Werfel and George were testifying before the House Appropriations Subcommittee on Financial Services and General Government as the embattled agency Werfel now leads is under fire for targeting conservative and Tea Party groups, as well as wasting taxpayer dollars on frivolous “team-building” videos and retreats.
In response to questions from Republicans like Reps. Hal Rogers (R-KY) and Ander Crenshaw (R-FL), Werfel vowed he would find out who ordered agents in Cincinnati to target conservatives and Tea Partiers.
Rogers, Chairman of the Appropriations Committee, said he could not understand how two low-level employees could take out such actions on their own, saying that theory “does not hold water.” Crenshaw also said that in an “arrogant and absolute abuse of power,” the IRS singled out groups and individuals for extra scrutiny and agents “harassed” and “bullied” conservatives–and that it was time for the IRS to come clean. He also said it was unfathomable that IRS agents were targeting conservatives without being ordered to do so.

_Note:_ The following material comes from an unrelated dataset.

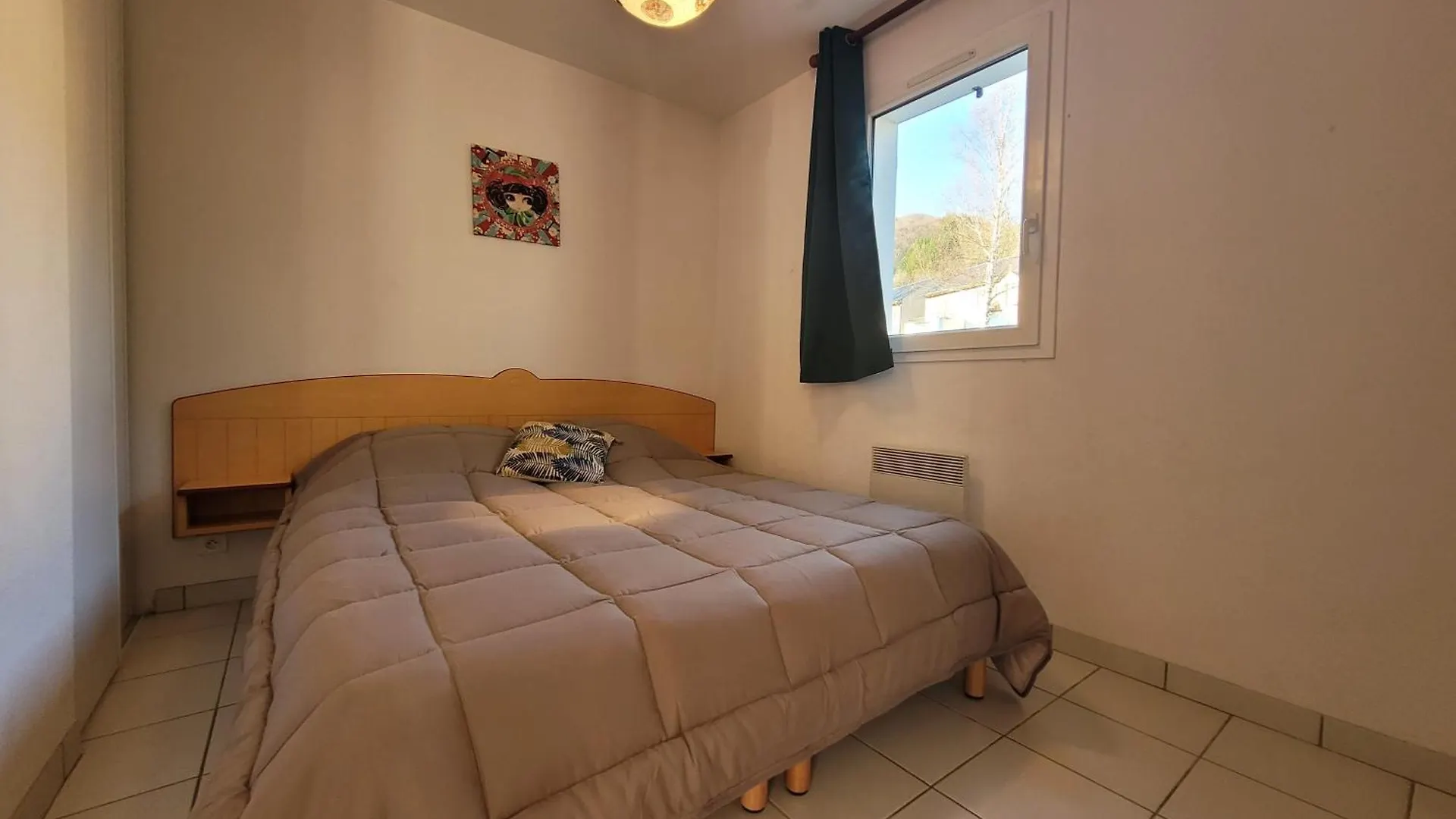 La Maison Bleue, Village Vacances, Piscine, Parking Saint-Geniez-dʼOlt 0*,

Rep. Nita Lowey (D-NY) and Jose Serrano (D-NY) asked George if he had specific evidence that indicated administration officials ordered the targeting of conservative and Tea Party groups. George emphasized that there was not evidence of that in this specific audit, but said he would continue to “review this matter” and go “where the facts take us.”
George said employees in Cincinnati refused to say who specifically ordered them to target conservatives in George’s initial audit; Werfel vowed to get to the bottom of who issued the order to those agents.
Over the weekend, it was revealed that an IRS employee in the Cincinnati office told Rep. Darrell Issa (R-CA) that orders to target conservatives came from officials in Washington, D.C.
Rogers, again, said it does not “seem reasonable” that the targeting occurred randomly. “We will not rest until someone gets us those answers,” he said.
Acknowledging that the IRS’s failures “undermined” the public’s trust, Werfel said people in the agency need to be held accountable and problems that led to the targeting needed to be fixed.
He also said he would work on the backlog of political cases because it was unacceptable that some groups have been waiting more than 500 days for their determination letters. The IRS is facing a lawsuit from Tea Party groups who sued the agency over the unfair targeting.
Obama named Werfel, a former White House budget official, to replace ousted acting IRS commissioner Steven Miller on May 16.